Theorem 5.1 (Lagrange's Theorem). Let $\mathbb{G}$ be a finite group. Then the order of any subgroup $\mathbb{H}$ of $\mathbb{G}$ divides the order of $\mathbb{G}.$

Proof

Let $\mathbb{H}$ be a subgroup of $\mathbb{G}.$ For every $g\in \mathbb{G},$ the mapping $h\mapsto hg$ is a bijection from $\mathbb{H}$ to the right coset $\mathbb{H}g:$ it is obviously surjective and $hg=h^{\prime }g\Rightarrow hg{g}^{-1}=h^{\prime }g{g}^{-1}\Rightarrow h=h^{\prime },$ hence it is injective. Hence, all right cosets have $|\mathbb{H}|$ elements. Since right cosets form a partition of $\mathbb{G},$ we have $$|\mathbb{G}|=n|\mathbb{H}|$$ where $n$ is the number of right cosets.

A similar reasoning with left cosets shows that the number of left cosets is equal to the number of right cosets.

The number of right (or left) cosets of $\mathbb{H}$ is called the index of $\mathbb{H}$ in $\mathbb{G}$ and denoted $[\mathbb{G}:\mathbb{H}].$ Hence, Lagrange theorem states that $$|\mathbb{G}|=[\mathbb{G}:\mathbb{H}]|\mathbb{H}|.$$

Normal Subgroups

Having defined an equivalence relation associated with a subgroup, one may ask whether the set of right (or left) cosets can be equipped with a group structure. This is where the notion of normal subgroup comes into play.

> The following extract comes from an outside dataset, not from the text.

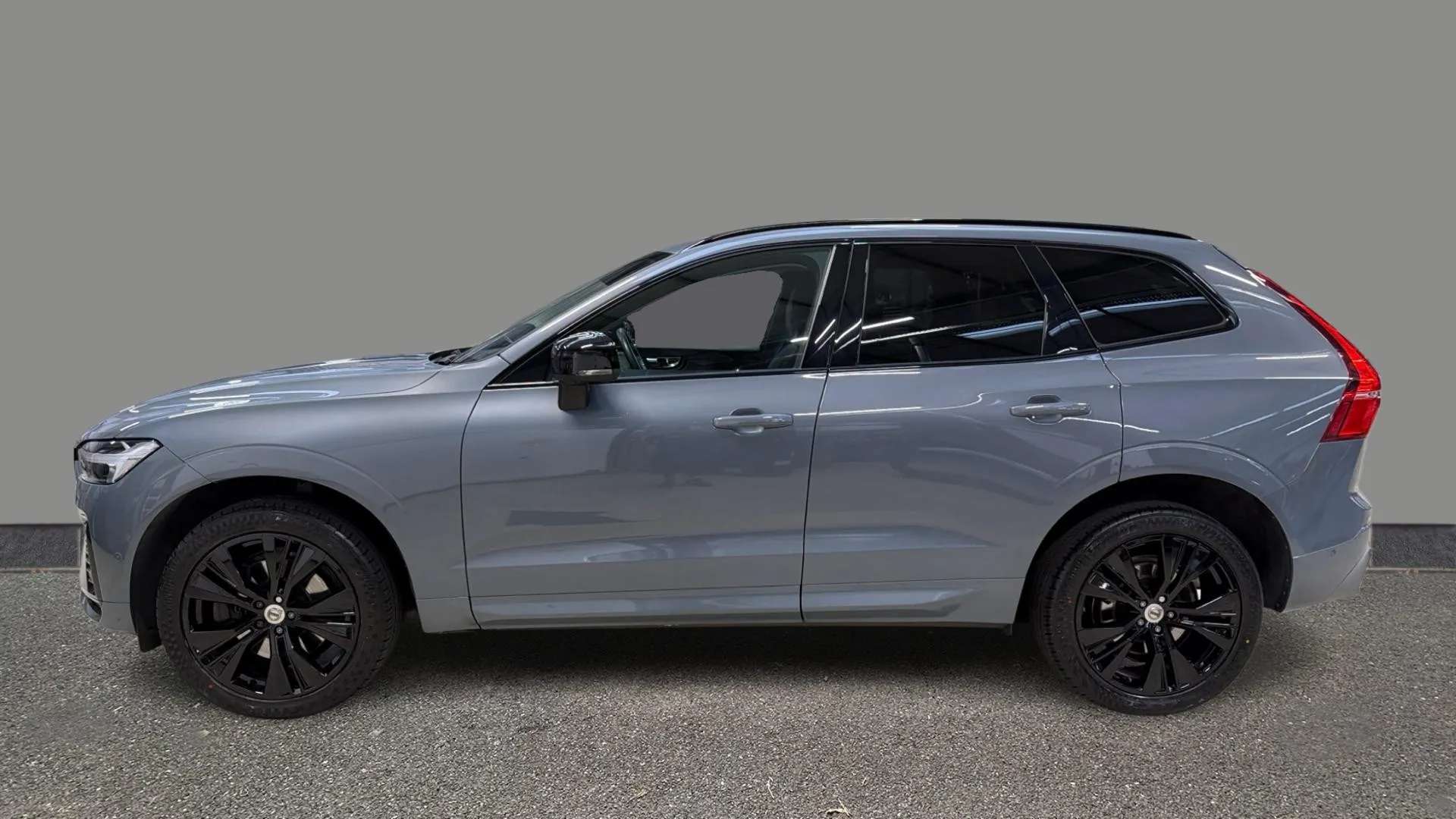 A 2022 VOLVO XC60 2.0 B5P Ultimate Dark AWD Geartronic A 2022 VOLVO XC60 2.0 B5P Ultimate Dark AWD Geartronic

Let $\mathbb{G}$ be a group. A subgroup $\mathbb{H}$ of $\mathbb{G}$ is said to be normal if for every $g\in \mathbb{G},$ $g\mathbb{H}=\mathbb{H}g$ (i.e., left and right cosets are equal).

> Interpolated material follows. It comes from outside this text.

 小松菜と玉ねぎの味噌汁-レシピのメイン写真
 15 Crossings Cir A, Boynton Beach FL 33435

Normality can be characterized by a number of other equivalent conditions. The easiest to check is often the following one.

Proposition 5.8. A subgroup $\mathbb{H}$ of $\mathbb{G}$ is normal if and only if for every $g\in \mathbb{G},$ $g\mathbb{H}{g}^{-1}\subseteq \mathbb{H}.$

For abelian groups, the situation is pretty simple.

Proposition 5.9. Every subgroup of an abelian group is normal.

Proof

If $\mathbb{G}$ is abelian and $\mathbb{H}$ is a subgroup of $\mathbb{G},$ then for any $h\in \mathbb{H},$ $gh{g}^{-1}=g{g}^{-1}h=h$ and hence $g\mathbb{H}{g}^{-1}=\mathbb{H}.$ By Proposition 5.8, this implies that $\mathbb{H}$ is normal.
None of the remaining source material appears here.